Deregulation of western economies and the freer operation of self-interest in the private sector have made many individuals very wealthy indeed, but the effects on the environment are more ambiguous. Some would argue that a larger role for market forces must inevitably worsen our environment, but this essay suggests a means by which market forces can be channelled into solving environmental problems.

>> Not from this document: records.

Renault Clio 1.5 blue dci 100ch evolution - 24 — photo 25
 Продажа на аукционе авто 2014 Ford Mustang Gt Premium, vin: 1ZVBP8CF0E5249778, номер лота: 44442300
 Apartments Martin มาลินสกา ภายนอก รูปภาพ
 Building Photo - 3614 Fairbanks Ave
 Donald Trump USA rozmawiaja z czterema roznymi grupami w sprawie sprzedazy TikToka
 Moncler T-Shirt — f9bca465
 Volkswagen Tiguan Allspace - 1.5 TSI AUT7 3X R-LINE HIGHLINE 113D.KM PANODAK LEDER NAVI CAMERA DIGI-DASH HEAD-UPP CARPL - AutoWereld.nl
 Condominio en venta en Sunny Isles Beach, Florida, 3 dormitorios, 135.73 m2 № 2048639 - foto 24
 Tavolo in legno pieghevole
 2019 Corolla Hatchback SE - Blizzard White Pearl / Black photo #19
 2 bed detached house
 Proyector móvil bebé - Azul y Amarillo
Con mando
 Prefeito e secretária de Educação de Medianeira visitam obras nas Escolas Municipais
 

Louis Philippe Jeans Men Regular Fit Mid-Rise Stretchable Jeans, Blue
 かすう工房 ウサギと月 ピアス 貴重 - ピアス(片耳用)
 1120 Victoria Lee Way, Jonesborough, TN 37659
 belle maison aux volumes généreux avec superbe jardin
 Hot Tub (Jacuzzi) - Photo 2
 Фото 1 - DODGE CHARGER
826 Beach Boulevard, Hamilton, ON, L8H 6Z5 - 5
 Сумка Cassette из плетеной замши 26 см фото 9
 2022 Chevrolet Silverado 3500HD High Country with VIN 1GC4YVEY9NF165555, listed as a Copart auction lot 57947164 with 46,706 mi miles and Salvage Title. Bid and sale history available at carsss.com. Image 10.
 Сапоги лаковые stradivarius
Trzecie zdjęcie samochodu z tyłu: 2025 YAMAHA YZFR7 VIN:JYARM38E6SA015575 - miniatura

I believe that many social and environmental problems persist because they are tackled in ways that do not stimulate or reward self-interest. This is particularly the case in the urban environment, where many people are concentrated in small areas, and problems created by those indulging in any form of antisocial activity - crime, vandalism and all forms of pollution - affect many others, and are difficult to trace back to their source. Local or central government programmes designed to cope with some of these problems suffer, in my view, from a fatal flaw that almost guarantees they will be ineffectual and expensive: they reward people for undertaking activities, rather than for delivering desired outcomes.

Social Policy Bonds

My proposal is that a new financial instrument be created that rewards people only when they actually improve the urban environment. Social Policy Bonds would be issued by local or national government and auctioned to the highest bidder. Government would undertake to redeem these bonds for a fixed sum only when a specified environmental objective has been achieved. The bonds would be freely tradeable after issue, and their market value would rise and fall. With an uncertain redemption date, and because they would not bear interest, Social Policy Bonds would be quite different from conventional government bonds. What sort of urban environmental problems could Social Policy Bonds solve? In principle, any that can be reliably defined and quantified. Examples could fall in these areas:

  • Crime

  • Air, water or noise pollution

  • Road accidents

  • Long commuting times

  • Substance abuse

  • Litter


The way the bonds work is to create a group of people, bondholders, who would have a strong interest in achieving the environmental objective efficiently, or in paying others to do so. Consider an example. Assume that an urban authority is prepared to spend a maximum of say £10 million to reduce the crime rate within its borders by 50%. It issues one million bonds that become worth £10 when the crime rate falls below 50% of current levels for a sustained period - say one year. Because the market is likely to see this objective as unlikely to be achieved in the near future, it may value the bonds when they are floated at as little as £1.00. (This sum would be used by the authority to partially offset the cost of future redemption of the bonds.) Now, the purchasers of the bonds hold an asset that could appreciate in value by 900% if a sustained halving of the crime rate is achieved.

Who would buy the bonds?

Many people would purchase these bonds with the idea of holding on to them until they could sell them at a profit. These passive investors would have no intention of doing anything to reduce crime. They would want to become 'free-riders', hoping to benefit from any increase in the bond price without actually participating in any crime-reducing projects. But the way markets work
would limit the opportunities for these passive investors. The more bonds they collectively own, the more remote the targeted objective becomes, the lower the market price of their bonds will fall, and the more they stand to lose as the aggregate value of their bond holdings falls. At some point, then, it would become worthwhile for passive investors either to become, or to sell their bonds to, active investors. These people, or institutions, would use their own capital, or borrow on the strength of the redemption value of their bonds, to initiate or facilitate crime-reduction programmes. Active bondholders would have an incentive to cooperate with each other to help reduce crime, and to do so as cost-effectively as possible.

Rewarding success

Consider some of the measures that bondholders could put into operation:

  • encouraging neighbourhood watch schemes;

  • encouraging parents to monitor their children’s activity more closely;

  • subsidising recruitment of unemployed workers;

  • subsidising the employment of unemployed young men.

       
If air pollution in cities is targeted, the targeted indicator could be calculated as an average of reading as measured at many urban sites around the country. It is also important that progress toward the attainment of the environmental objective be regularly and reliably assessed by trusted bodies. Once an objective is close to achievement, government or urban authority can issue a new set of Social Policy Bonds aimed at maintaining or further improving the already improved urban environment. The cost of a new bond issue to the issuing body is likely to be lower because, during the lifetime of the first issue, people would have probably developed more efficient methods and systems for solving targeted environmental problems.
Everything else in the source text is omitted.